Während die RSF keine Büros oder Botschaften unterhält, haben die VAE politische und wirtschaftliche Interessen rund um den Globus. Da der Tourismus 13 Prozent des BIP der VAE ausmacht, kann die weltweite öffentliche Meinung einen erheblichen Einfluss auf ihre Wirtschaft haben und sie dazu zwingen, ihre aussenpolitischen Entscheidungen zu überdenken. Die VAE wissen, dass sie ihre Wirtschaft weiter diversifizieren müssen, um sich von den Öleinnahmen unabhängig zu machen und investieren daher massiv in die Verbesserung ihres öffentlichen Images, um Tourismus und Investitionen zu fördern. So wurde beispielsweise der Hype der „Dubai-Schokolade” von der Regierung der VAE sorgfältig gefördert, damit die Menschen bei „Dubai” an Luxus und exotische Leckereien denken und nicht an eine repressive Diktatur, die auf Sklavenarbeit im eigenen Land und Völkermord im Ausland basiert. Organisationen der Arbeiter*innenklasse können sichtbare Stützpunkte der Interessen der VAE ins Visier nehmen, um auf deren Rolle beim Völkermord an Schwarzen zu lenken, ihre falsche Selbstdarstellung zu entlarven und einen starken wirtschaftlichen Schaden anzurichten.

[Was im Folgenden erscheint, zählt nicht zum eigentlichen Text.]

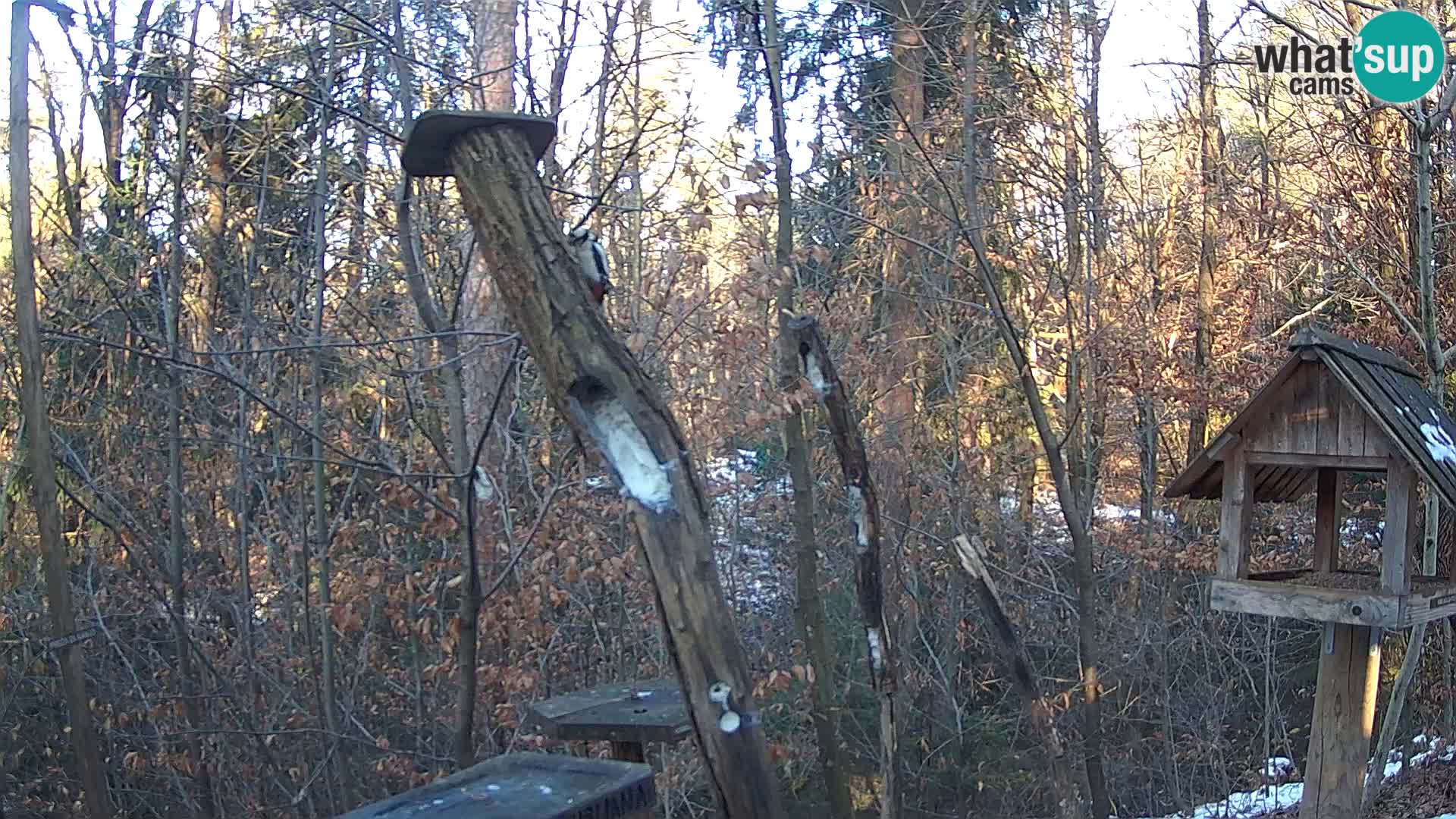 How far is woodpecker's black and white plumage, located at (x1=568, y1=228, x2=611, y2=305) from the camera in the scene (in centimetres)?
293

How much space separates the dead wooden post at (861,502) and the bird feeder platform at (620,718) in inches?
39.0

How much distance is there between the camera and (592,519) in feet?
24.3

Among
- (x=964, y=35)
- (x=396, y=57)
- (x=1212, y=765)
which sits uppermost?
(x=964, y=35)

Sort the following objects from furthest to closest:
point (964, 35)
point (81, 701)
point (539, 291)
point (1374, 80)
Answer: point (964, 35) → point (1374, 80) → point (81, 701) → point (539, 291)

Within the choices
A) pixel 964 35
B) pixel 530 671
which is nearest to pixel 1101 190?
pixel 964 35

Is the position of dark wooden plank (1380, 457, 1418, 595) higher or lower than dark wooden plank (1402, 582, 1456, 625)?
higher

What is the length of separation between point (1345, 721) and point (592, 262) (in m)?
3.36

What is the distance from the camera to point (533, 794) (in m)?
2.68

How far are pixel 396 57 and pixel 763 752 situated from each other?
3305mm

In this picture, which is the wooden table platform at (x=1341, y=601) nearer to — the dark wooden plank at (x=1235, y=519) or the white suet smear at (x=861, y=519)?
the dark wooden plank at (x=1235, y=519)

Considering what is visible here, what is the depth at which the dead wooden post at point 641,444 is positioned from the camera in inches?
109

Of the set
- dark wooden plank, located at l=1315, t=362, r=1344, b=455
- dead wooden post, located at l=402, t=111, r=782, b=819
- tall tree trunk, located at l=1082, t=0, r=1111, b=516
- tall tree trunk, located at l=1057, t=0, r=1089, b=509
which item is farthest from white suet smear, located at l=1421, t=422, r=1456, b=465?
tall tree trunk, located at l=1082, t=0, r=1111, b=516

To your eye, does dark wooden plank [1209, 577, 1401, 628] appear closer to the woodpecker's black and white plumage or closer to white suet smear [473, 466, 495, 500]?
the woodpecker's black and white plumage

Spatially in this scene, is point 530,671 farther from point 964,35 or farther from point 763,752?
point 964,35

Natürlich sind die VAE nicht der einzige mitschuldige Akteur. Unsere Genoss*innen haben berichtet, dass Waffen aus Grossbritannien ihren Weg in den Sudan gefunden haben, wahrscheinlich über die VAE. Wir müssen alle Staaten unter Druck setzen, ein Waffenembargo gegen Länder zu verhängen, die die Kriegsparteien im Sudan beliefern. Grossbritannien trägt ebenfalls eine historische Mitschuld: Der Anti-Schwarze-Rassismus der RSF-Truppen baut auf dem Erbe der britischen „Teile und herrsche“-Kolonialherrschaft im Sudan auf.

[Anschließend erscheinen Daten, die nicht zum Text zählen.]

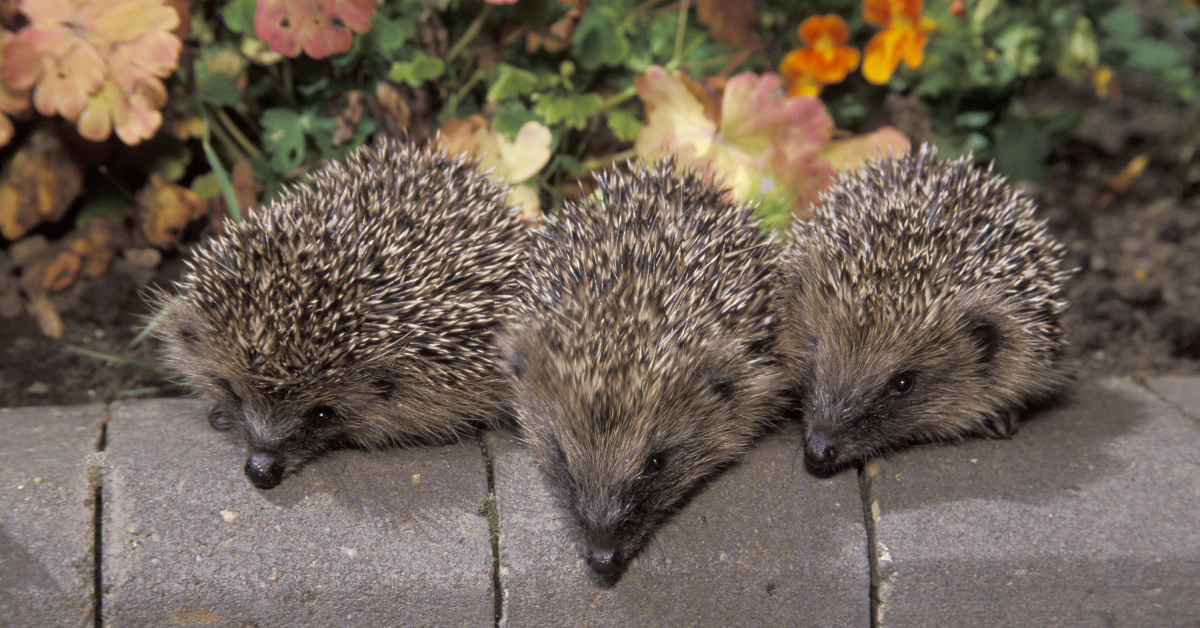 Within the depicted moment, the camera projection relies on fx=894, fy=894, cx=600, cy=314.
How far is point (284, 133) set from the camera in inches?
139

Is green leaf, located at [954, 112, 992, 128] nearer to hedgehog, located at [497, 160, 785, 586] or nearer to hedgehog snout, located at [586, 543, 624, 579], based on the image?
hedgehog, located at [497, 160, 785, 586]

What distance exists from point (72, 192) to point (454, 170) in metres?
1.62

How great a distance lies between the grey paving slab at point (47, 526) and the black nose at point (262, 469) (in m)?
0.45

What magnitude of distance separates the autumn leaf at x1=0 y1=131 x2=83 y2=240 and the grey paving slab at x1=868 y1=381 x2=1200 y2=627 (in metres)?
3.13

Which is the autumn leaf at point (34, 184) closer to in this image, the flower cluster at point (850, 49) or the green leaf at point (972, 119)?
the flower cluster at point (850, 49)

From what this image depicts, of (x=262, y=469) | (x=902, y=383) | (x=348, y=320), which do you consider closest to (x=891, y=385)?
(x=902, y=383)

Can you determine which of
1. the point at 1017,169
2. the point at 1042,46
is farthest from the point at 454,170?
the point at 1042,46

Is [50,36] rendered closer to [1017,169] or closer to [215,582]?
[215,582]

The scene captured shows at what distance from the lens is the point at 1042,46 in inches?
175

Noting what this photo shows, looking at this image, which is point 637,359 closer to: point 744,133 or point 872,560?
point 872,560

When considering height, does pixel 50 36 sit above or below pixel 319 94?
above

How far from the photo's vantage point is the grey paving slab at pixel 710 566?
2.48 meters

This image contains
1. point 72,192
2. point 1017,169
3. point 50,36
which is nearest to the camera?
point 50,36

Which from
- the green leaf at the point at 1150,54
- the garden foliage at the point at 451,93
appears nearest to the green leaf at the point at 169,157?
the garden foliage at the point at 451,93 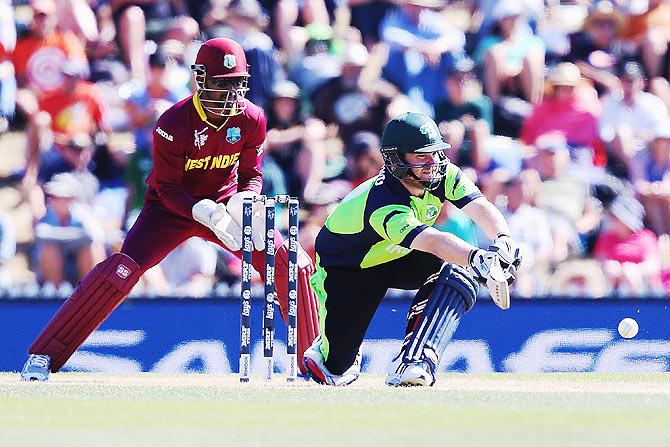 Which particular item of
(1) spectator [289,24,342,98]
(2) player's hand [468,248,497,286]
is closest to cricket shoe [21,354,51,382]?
(2) player's hand [468,248,497,286]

Durch die Solidaritätsbewegung für Palästina haben wir gesehen, dass der eigentliche Schlüssel zur internationalen Solidarität darin liegt, Macht von unten zu organisieren und das politische Bewusstsein der Arbeiter*innenklasse aufzubauen. Ohne mächtige Massenorganisationen verbleibt die internationale Solidarität bei einem kleinen Kreis von Aktivist*innen, die sich von Thema zu Thema bewegen und „Bewusstsein schaffen“, ohne eine materielle Wirkung zu erzielen. Die Hafenarbeiterstreiks in Italien wurden durch jahrzehntelangen Klassenkampf ermöglicht. Erst der engagierte, geduldige und tief verwurzelte Aufbau von Klassenmacht durch viele Kämpfe schuf die Fähigkeit, sinnvolle internationale Solidarität in die Praxis umzusetzen. Das Wirksamste, was wir für die Freiheit im Sudan tun können, ist der Kampf im eigenen Land für eine Revolution gegen die globale rassistische imperialistische Kriegsmaschine.

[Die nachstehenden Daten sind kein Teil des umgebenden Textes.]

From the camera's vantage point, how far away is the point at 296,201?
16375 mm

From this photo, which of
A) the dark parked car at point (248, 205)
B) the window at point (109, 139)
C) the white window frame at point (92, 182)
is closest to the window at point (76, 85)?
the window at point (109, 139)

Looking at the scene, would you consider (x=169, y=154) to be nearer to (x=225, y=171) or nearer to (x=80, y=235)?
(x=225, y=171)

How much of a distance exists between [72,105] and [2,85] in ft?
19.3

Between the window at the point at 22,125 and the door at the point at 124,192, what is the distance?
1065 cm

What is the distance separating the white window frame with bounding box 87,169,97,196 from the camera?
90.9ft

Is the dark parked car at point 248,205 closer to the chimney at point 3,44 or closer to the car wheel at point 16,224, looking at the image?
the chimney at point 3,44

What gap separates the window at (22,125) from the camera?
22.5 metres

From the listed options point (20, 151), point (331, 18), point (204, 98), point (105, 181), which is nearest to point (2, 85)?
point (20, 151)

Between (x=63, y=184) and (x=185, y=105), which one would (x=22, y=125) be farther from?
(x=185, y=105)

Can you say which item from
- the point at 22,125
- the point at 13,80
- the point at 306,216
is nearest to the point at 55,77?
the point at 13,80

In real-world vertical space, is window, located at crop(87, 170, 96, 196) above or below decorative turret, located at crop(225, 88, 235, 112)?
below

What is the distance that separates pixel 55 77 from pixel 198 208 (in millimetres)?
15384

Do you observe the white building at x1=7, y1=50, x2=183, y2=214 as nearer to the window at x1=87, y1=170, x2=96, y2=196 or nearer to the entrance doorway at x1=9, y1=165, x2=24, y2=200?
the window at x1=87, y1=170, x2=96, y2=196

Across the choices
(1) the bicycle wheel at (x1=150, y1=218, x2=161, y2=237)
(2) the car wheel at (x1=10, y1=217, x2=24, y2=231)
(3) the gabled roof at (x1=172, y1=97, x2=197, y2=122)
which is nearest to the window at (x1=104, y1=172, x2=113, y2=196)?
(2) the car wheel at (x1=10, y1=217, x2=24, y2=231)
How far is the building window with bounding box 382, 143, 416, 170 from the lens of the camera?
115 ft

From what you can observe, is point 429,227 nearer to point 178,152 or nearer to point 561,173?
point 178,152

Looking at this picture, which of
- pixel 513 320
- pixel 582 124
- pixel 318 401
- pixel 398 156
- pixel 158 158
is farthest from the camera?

Mit der globalen Solidarität der unterdrückten Klassen und unseren revolutionären Organisationen können wir unsere Genoss*innen unterstützen, die im Sudan für Freiheit und Überleben kämpfen, den Völkermord stoppen, den Krieg beenden und die unvollendete Arbeit der sudanesischen Revolution fortsetzen.
Unterzeichnet von den folgenden Mitgliedern der International Coordination of Organized Anarchism (ICOA):
아나키스트 연대 (Anarchist Yondae)
ACF – Anarchist Communist Federation
ACG – Anarchist Communist Group
BRRN – Black Rose Anarchist Federation / Federación Anarquista Rosa Negra
CAB – Coordenação Anarquista Brasileira
Die Plattform
Embat
FAR – Federación Anarquista de Rosario
FAS – Federación Anarquista Santiago
FAU – Federación Anarquista Uruguaya
La Tordo Negro – organización anarquista entrerriana
Midada
OAC – Organización Anarquista de Córdoba
OASC – Organización Anarquista de Santa Cruz
OAT – Organización Anarquista de Tucumán
ORA – Organización Resistencia Anarquista (Buenos Aires)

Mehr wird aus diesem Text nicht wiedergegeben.